» About this task
Output only the lines below that start at the line containing "Бра латунь, стекло" and end at the line containing "Retrovisores 3D para", with both ends kept.
*** Data extract ***
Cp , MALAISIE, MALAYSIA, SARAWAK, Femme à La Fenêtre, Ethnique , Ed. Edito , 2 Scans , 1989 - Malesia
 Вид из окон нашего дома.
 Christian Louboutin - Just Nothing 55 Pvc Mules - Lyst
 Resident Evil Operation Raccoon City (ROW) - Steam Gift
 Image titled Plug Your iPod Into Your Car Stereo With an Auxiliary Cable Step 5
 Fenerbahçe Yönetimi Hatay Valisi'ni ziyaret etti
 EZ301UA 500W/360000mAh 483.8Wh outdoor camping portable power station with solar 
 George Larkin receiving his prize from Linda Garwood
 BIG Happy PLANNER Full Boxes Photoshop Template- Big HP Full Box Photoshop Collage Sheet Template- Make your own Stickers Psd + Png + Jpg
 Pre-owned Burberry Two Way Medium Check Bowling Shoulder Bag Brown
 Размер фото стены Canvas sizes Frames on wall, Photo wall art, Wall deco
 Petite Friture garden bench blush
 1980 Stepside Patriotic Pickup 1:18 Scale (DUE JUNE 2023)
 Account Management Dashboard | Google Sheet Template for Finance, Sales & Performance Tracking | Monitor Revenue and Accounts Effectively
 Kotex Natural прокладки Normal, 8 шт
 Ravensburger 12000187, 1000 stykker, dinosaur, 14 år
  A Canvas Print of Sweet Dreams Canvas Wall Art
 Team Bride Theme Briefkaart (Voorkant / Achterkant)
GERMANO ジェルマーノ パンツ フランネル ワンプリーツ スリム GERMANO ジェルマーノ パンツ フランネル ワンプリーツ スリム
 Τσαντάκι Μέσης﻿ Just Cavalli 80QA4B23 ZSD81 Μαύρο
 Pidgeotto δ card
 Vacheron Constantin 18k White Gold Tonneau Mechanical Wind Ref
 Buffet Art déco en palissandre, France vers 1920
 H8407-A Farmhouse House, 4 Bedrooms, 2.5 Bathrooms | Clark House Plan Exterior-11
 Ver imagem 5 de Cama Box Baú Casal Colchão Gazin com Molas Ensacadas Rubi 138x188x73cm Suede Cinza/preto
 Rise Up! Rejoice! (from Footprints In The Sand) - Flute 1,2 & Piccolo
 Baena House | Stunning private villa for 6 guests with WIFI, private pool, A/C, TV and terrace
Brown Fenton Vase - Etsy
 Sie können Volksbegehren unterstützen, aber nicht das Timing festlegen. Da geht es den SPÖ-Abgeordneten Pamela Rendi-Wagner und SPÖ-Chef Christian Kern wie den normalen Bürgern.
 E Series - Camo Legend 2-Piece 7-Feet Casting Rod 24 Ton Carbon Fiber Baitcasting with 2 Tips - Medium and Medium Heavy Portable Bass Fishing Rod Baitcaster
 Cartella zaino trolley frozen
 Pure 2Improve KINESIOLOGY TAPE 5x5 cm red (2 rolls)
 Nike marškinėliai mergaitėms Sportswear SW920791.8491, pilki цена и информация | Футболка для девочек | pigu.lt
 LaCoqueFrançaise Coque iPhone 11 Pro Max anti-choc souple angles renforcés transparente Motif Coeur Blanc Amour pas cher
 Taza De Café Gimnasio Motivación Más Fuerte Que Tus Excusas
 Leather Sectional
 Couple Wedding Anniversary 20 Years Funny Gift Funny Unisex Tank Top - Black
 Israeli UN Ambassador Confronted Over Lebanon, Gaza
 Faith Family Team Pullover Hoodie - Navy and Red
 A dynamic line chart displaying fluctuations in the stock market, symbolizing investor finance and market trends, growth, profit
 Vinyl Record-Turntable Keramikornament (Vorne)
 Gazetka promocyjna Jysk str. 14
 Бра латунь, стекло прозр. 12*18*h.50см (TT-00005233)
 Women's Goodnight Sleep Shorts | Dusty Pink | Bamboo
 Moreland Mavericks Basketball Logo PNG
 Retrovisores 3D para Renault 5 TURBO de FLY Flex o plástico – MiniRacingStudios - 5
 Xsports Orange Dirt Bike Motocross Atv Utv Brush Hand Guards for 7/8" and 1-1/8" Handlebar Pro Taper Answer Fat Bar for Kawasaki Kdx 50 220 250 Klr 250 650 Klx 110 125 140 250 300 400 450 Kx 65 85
*** End of Data extract ***
» Output for this exercise
 Бра латунь, стекло прозр. 12*18*h.50см (TT-00005233)
 Women's Goodnight Sleep Shorts | Dusty Pink | Bamboo
 Moreland Mavericks Basketball Logo PNG
 Retrovisores 3D para Renault 5 TURBO de FLY Flex o plástico – MiniRacingStudios - 5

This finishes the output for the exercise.